Quem explica a paixão pelo futebol?

Difícil explicar como nasce a paixão pelo futebol. Talvez seja uma manifestação espontânea como aquela que temos, em diferentes medidas, pela arte. Paixões assim, têm histórias apaixonantes, histórias que devemos reverenciar como se fosse um tributo à natureza humana. Essa natureza que nos leva a fazer promessas por nossos clubes do coração, que nos leva a apostar no jogo do bicho para ver se as coisas melhoram, enfim, essa natureza que nos faz únicos.

Somos feitos da mesma matéria das estrelas, o que infere dizer que somos astros. Apostar nos desportos como ferramenta de inclusão, como dispositivo capaz de nos fazer mais saudáveis, mais sociáveis, explica gostar tanto de futebol. O futebol, dentre todas as outras modalidades, é aquela prática que não requer nada mais que um tijolo para demarcar as linhas na rua de asfalto e duas pedrinhas para dar dimensão ao gol. O campinho de terra é uma dádiva e a doação de seis ripas de madeira para dar formas às balizas, uma verdadeira benção. Escolher os times depois do par ou ímpar e decidir quem joga com camisa e quem joga sem é a maneira mais democrática de se uniformizar os jogadores. Vira cinco acabam dez! Não, essa bola foi fora! Todos juízes de todos na hora de marcar uma falta. Astros carregando na própria voz o nome de suas estrelas do coração.

As pessoas gostam de futebol porque se veem como jogadores. Gostam porque se pensam capazes de realizar uma jogada ainda melhor que aquela do final de semana do jogo transmitido ao vivo. E esperar pelos gols da rodada? E discutir a atuação do árbitro? Foi pênalti, como ele não marcou? Hoje temos o VAR que, cá entre nós, resolve na base da insensibilidade. Pelo VAR, os lances discutíveis são esmiuçados por trezentos ângulos diferentes e aí nos lembramos daquelas crianças no campinho de terra discutindo acaloradamente a partir dos seus pontos de vista, decidindo, afinal, de modo consensual.

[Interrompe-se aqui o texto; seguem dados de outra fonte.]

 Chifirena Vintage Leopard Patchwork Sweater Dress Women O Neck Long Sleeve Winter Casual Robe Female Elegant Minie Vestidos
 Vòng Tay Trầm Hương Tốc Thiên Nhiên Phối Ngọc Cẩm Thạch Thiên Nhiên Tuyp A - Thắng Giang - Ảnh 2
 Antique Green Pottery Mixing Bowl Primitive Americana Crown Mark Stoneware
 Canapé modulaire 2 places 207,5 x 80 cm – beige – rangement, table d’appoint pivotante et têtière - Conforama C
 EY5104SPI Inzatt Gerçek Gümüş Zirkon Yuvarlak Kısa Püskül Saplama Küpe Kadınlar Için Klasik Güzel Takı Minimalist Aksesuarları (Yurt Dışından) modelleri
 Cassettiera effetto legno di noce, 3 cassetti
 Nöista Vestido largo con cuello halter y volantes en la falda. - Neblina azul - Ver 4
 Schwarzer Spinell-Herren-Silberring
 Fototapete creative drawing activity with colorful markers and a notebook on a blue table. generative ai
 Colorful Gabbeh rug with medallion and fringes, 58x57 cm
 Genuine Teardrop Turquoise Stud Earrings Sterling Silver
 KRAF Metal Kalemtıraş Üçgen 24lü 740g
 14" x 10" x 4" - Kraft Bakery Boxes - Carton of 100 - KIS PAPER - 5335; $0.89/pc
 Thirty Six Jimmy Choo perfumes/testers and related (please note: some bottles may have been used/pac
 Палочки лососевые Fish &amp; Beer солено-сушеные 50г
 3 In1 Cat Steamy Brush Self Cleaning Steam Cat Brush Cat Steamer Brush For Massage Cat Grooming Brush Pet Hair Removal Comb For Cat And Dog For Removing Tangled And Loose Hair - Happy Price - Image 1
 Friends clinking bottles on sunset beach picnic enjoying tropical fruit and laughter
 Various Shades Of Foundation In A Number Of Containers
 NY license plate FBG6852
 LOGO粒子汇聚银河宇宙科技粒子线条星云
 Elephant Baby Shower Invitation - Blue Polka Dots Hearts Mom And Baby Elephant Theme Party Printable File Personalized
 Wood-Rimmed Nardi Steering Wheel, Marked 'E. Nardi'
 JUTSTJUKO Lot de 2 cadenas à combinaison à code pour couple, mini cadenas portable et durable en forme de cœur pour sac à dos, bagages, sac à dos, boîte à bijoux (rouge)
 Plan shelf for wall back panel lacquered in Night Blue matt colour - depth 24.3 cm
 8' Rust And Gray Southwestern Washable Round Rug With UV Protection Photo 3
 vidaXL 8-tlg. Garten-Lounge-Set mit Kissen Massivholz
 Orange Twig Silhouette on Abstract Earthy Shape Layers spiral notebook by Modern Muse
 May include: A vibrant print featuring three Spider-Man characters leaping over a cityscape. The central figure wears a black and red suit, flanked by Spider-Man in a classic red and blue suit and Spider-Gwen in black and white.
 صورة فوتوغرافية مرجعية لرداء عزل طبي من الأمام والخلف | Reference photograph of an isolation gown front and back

As pessoas gostam de futebol porque apostam em si mesmas, confiam tanto em si mesmas que chegam a se sentir culpadas quando não assistem ao jogo e o seu time saiu derrotado. Elas fazem parte do time e a não presença pode significar a derrota ou o triunfo. As pessoas sentem-se responsáveis pelo seu clube e, é justamente por isso que não se furtam às vaias se preciso for e mesmo às ações mais contundentes contra a agremiação e contra os próprios jogadores. Isso tem nome, paixão.

O futebol leva ao paraíso e ao inferno. Leva o indivíduo à porta do clube para festejar uma contratação, como para pichar os muros com insultos e ameaças quando o time não demonstra raça, quando os resultados negativos são atribuídos à falta de empenho dos jogadores ou à burrice do técnico. As portas do paraíso se fecham e as do inferno se escancaram. Títulos, conquistas individuais como artilharia, goleiro menos vazado, número de assistências alçam o torcedor à condição de ser encantado, ele se sente vitorioso, ele pulou junto com o goleiro e defendeu aquele pênalti aos quarenta e cinco do segundo tempo, ele viu o ala abrindo pela esquerda e fez aquele lançamento de sessenta jardas. O torcedor joga junto, ele é peça fundamental no esquema tático, o famoso décimo segundo jogador.

Gostar de futebol é da natureza humana, é como exercer um talento ou alimentar, sem economia, uma paixão, é questão de caráter. O jornalista e dramaturgo, Nélson Rodrigues, dizia, aliás, que “muitas vezes, é a falta de caráter que decide uma partida (…)”, referindo-se, obviamente, às artimanhas e pequenas maldades cometidas no jogo. Maradona, por exemplo, quando questionado sobre o célebre gol de mão na copa de 1986, não hesitou, “la mano de Dios”; poesia e cinismo ou desvario de um apaixonado?

As pessoas se apaixonam pelo futebol porque se tornam Pelés, Garrinchas, Maradonas, Messis, Cristianos, Martas, Formigas, porque o futebol as livram da pobreza, porque faz o coração bater mais forte e nunca esquecer de que está vivo, pulsante e que, a qualquer momento, tudo pode ser diferente. O futebol é uma representação da vida. Muitos se comportam como atacantes, daqueles rompedores ou oportunistas, outros se comportam como zagueiros e, claro, há quem viva a vida como um goleiro, mas, independente de como o torcedor encara a vida, todos somos técnicos, todos nós temos a solução.

“Abrem-se as cortinas e começa o espetáculo”, era assim que Fiori Gigliotti iniciava uma transmissão de futebol pelo rádio. As pessoas gostam de futebol porque gostam do espetáculo.